## Package Imports

In [5]:
# general imports
import numpy as np
import pandas as pd
from datetime import datetime
import matplotlib.pyplot as plt
from convokit import Corpus, download
from tqdm import tqdm
import nltk

# set up nltk tokenizers
from nltk.tokenize import word_tokenize, sent_tokenize, TweetTokenizer
nltk.download('punkt_tab')
nltk.download('averaged_perceptron_tagger')

# set up nltk lemmatizer
nltk.download('wordnet')
nltk.download('omw-1.4')
from nltk.stem import WordNetLemmatizer
lemmatizer = WordNetLemmatizer()
from nltk import pos_tag
from nltk.corpus import wordnet

# imports specific to lexical measures
import re
from wordfreq import zipf_frequency
from lexical_diversity import lex_div as ld
from collections import Counter


[nltk_data] Downloading package punkt_tab to
[nltk_data]     /Users/nickvick/nltk_data...
[nltk_data]   Package punkt_tab is already up-to-date!
[nltk_data] Downloading package averaged_perceptron_tagger to
[nltk_data]     /Users/nickvick/nltk_data...
[nltk_data]   Package averaged_perceptron_tagger is already up-to-
[nltk_data]       date!
[nltk_data] Downloading package wordnet to
[nltk_data]     /Users/nickvick/nltk_data...
[nltk_data]   Package wordnet is already up-to-date!
[nltk_data] Downloading package omw-1.4 to
[nltk_data]     /Users/nickvick/nltk_data...
[nltk_data]   Package omw-1.4 is already up-to-date!
  import pkg_resources


## Format Data

In [6]:
corpus = Corpus(filename=download("subreddit-Cornell"))

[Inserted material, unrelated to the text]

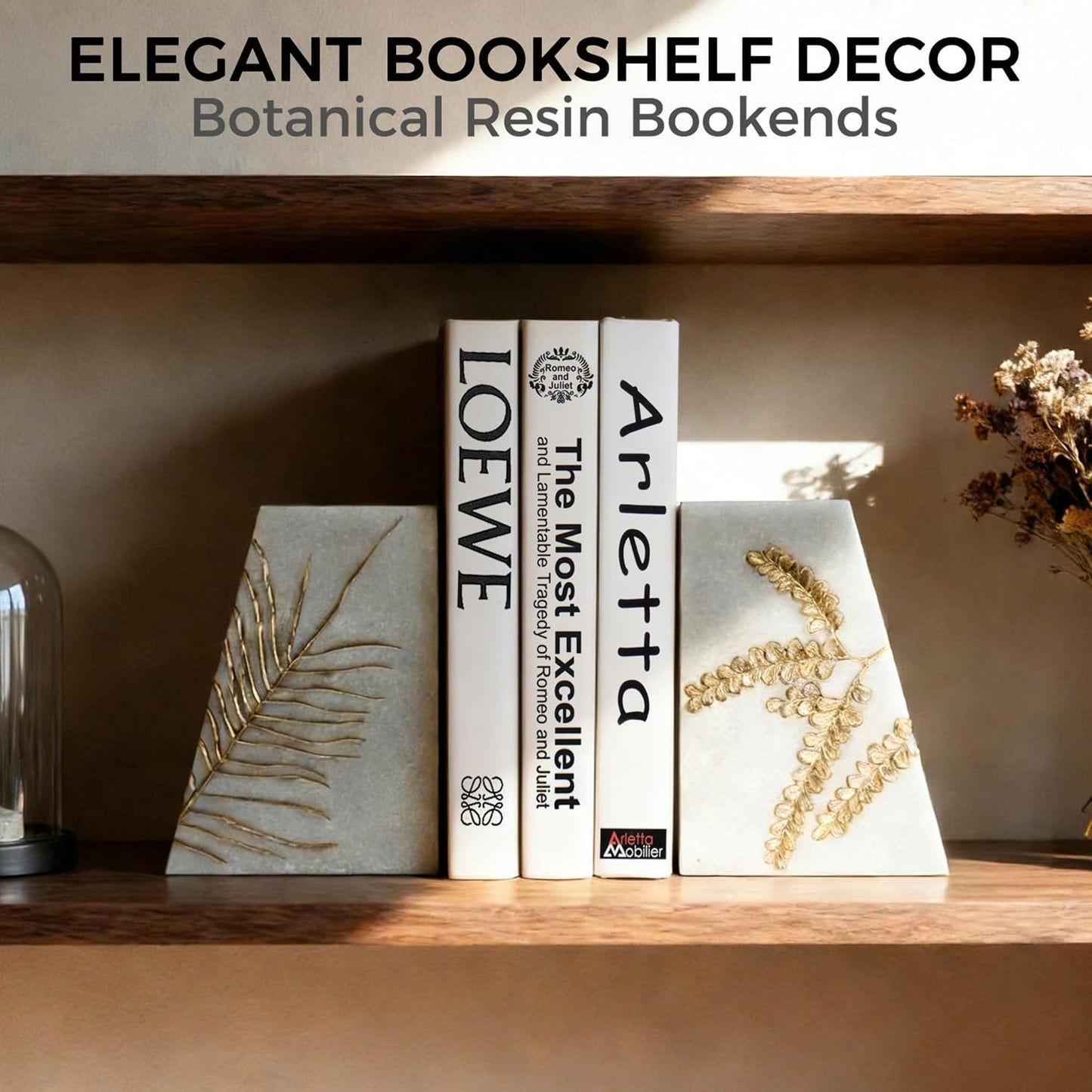 Heavy Duty Book Ends for Shelves, Decorative Book Ends for Heavy Books, Resin Modern Bookends with Marble Texture & Gold Botanical Detail, Minimalist Bookends for Home Decor, Set of 2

Dataset already exists at /Users/nickvick/.convokit/saved-corpora/subreddit-Cornell


In [7]:
def corpus_to_df(corpus):
    '''Function to convert the convokit corpus to a pandas dataframe structure.'''

    data = []
    for utt in corpus.iter_utterances():
        # only consider utterances with timestamps and text
        if hasattr(utt, "timestamp") and utt.text:
            # convert timestamp from seconds since 1/1/1970 to datetime
            t = datetime.fromtimestamp(int(utt.timestamp))

            data.append({
                "utterance_id": utt.id,
                "speaker_id": utt.speaker.id,
                "text": utt.text,
                "timestamp": t
            })

    df = pd.DataFrame(data)
    return df

## DF Level Cleaning

In [8]:
BOT_TEXT_PATTERNS = [
    r"\bi am a bot\b",
    r"\bthis (comment|post) was (posted|left by) a bot",
    r"\bthis reply was generated automatically",
    r"[\^*]*beep(?:\s+beep)?[\^*]*\s+[\^*]*boop(?:\s+boop)?[\^*]*"
]

BOT_TEXT_RE = re.compile("|".join(BOT_TEXT_PATTERNS), flags=re.IGNORECASE)
URL_RE = re.compile(r"http\S+|www\.\S+")
HAS_LETTER_RE = re.compile(r"[A-Za-z]")

## Cleaning

In [9]:
def clean_text(text):
    '''Helper function to clean text by removing urls and other undesirable features.'''

    # remove urls
    text = URL_RE.sub("", text)

    return text

In [10]:
def tokenize(text):
    '''Helper function to tokenize social media text. Note that the TweetTokenizer 
    preserves mentions, contractions, and other social media-specific structures'''

    tokenizer = TweetTokenizer()
    tokens = tokenizer.tokenize(text)

    return tokens

In [11]:
def get_wordnet_pos(treebank_tag):
    '''Helper function to map treebank-based POS tags to wordnet POS tags.'''
    
    if treebank_tag.startswith('J'):
        return wordnet.ADJ
    elif treebank_tag.startswith('V'):
        return wordnet.VERB
    elif treebank_tag.startswith('N'):
        return wordnet.NOUN
    elif treebank_tag.startswith('R'):
        return wordnet.ADV
    
    # otherwise default to noun
    else:
        return wordnet.NOUN

In [12]:
def lemmatize(tokens):
    '''Helper function to lemmatize tokens.'''

    tagged = pos_tag(tokens)
    lemmatized_tokens = [lemmatizer.lemmatize(tok, get_wordnet_pos(tag)) for tok, tag in tagged]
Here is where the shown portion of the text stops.